Use of pool servers reveals unacceptable crash rate in async DNS

Sat Jun 25 22:13:56 UTC 2016

Hal Murray <hmurray at megapathdsl.net>:
> 
> esr at thyrsus.com said:
> > 1. Apply Classic's workaround for the problem, which I don't remember the
> > details of but involved some dodgy nonstandard linker hacks done through the
> > build system.  *However, I did not trust this method when I understood it.*
> > It seemed sure to cause porting difficulties and is inherently fragile. 
> 
> kurt at roeckx.be said:
> > If it's the one I'm thinking about, I think the solution is to remove the
> > locking of memory. 
> 
> We may be confusing several bugs.
> 
> There was a problem with locking stuff into memory.  Some library needed by 
> end of thread processing wasn't loaded yet and things worked out such that 
> with the default memory 32 bit systems worked but 64 bit systems didn't have 
> enough room.
> 
> I think one solution was to create a dummy thread early on to get that module 
> loaded.  Or disable memory locking, or tell it to use more memory, or ...

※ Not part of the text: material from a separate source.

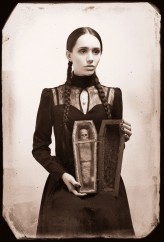 avantgarde-design photo - Grisha
model/stylist/concept of the dress - Kseniya Arhangelova
dress - JadFeel
tödlein - XVIII ct.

This matches what I remember, except for "use more memory". There was a third
workaround involved weird linker options to force early loading of the library.

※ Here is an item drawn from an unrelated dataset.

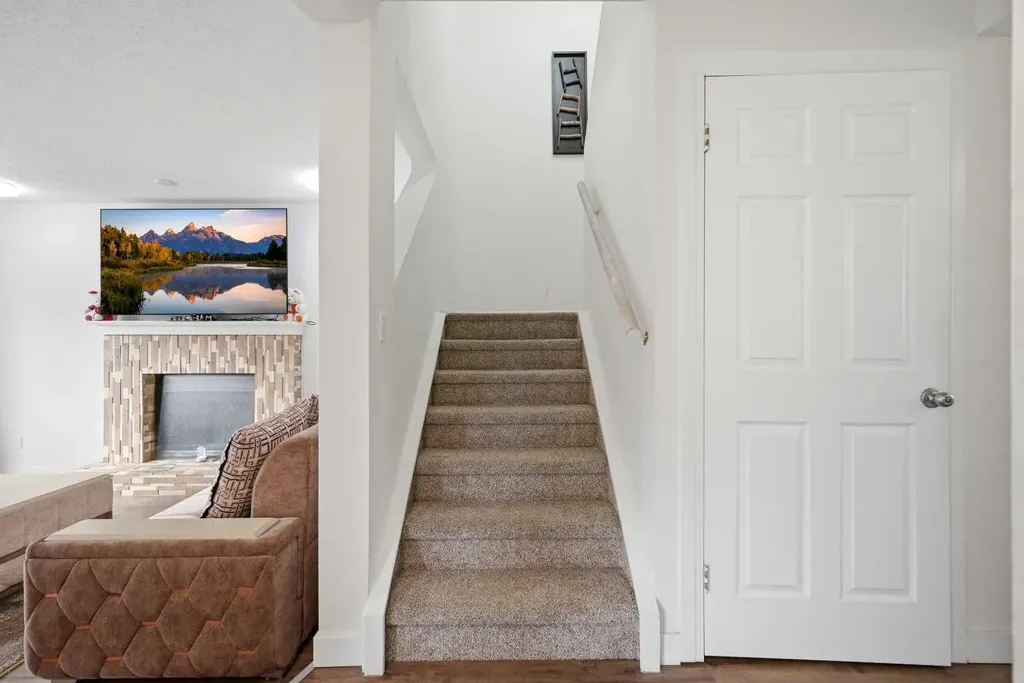 172 Castlebrook Road NE Calgary AB T3J 1P1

> > 2. Fix the actual problem. Well, that'd be nice, but Hal looked into it
> > months ago and said he understood it but couldn't generate a fix. IIRC, he
> > said it needed a full rewrite.  That tells me the code is probably not
> > salvageable. 
> 
> I don't remember that part.  I use the pool command on several systems.  I 
> haven't seen a crash in ages.

It's very sporadic.  I went for months without seeing it at all.  Then last night
when I was running smoke tests for my changes to remove magic address prefixes
I was seeing it every three or four minutes.

I see I somehow didn't complete my explanation to Kurt.  I wrote "However I didn"
and got distracted by a ringing phone.  How that should have finished:

However I didn't commit that change and some later reset backet it out.
I haven't seen the problem today.

> There was another interesting problem in this area.  It was a bug in 
> FreeBSD's trap handler.  ntpd managed to trigger it consistently.

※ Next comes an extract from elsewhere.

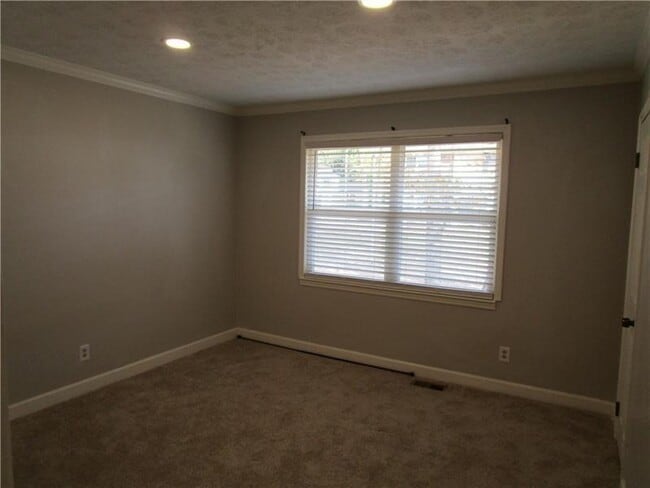 Building Photo - 1235 Riverside Dr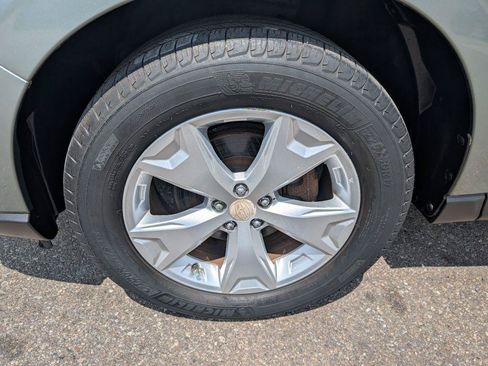 Used 2014 Subaru Forester 2.5i Premium w/ All-Weather Package AWD/4WD image 9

I'm running under Linux, though.

> I favor understanding things more.
> 
> Can you get a stack trace?

Saw one last night, as described to Kurt.  Now it's not reproducing.

I guess the default for memory locking has to change to "off".  We
can't ship something with that kind of random instability.
-- 
		<a href="http://www.catb.org/~esr/">Eric S. Raymond</a>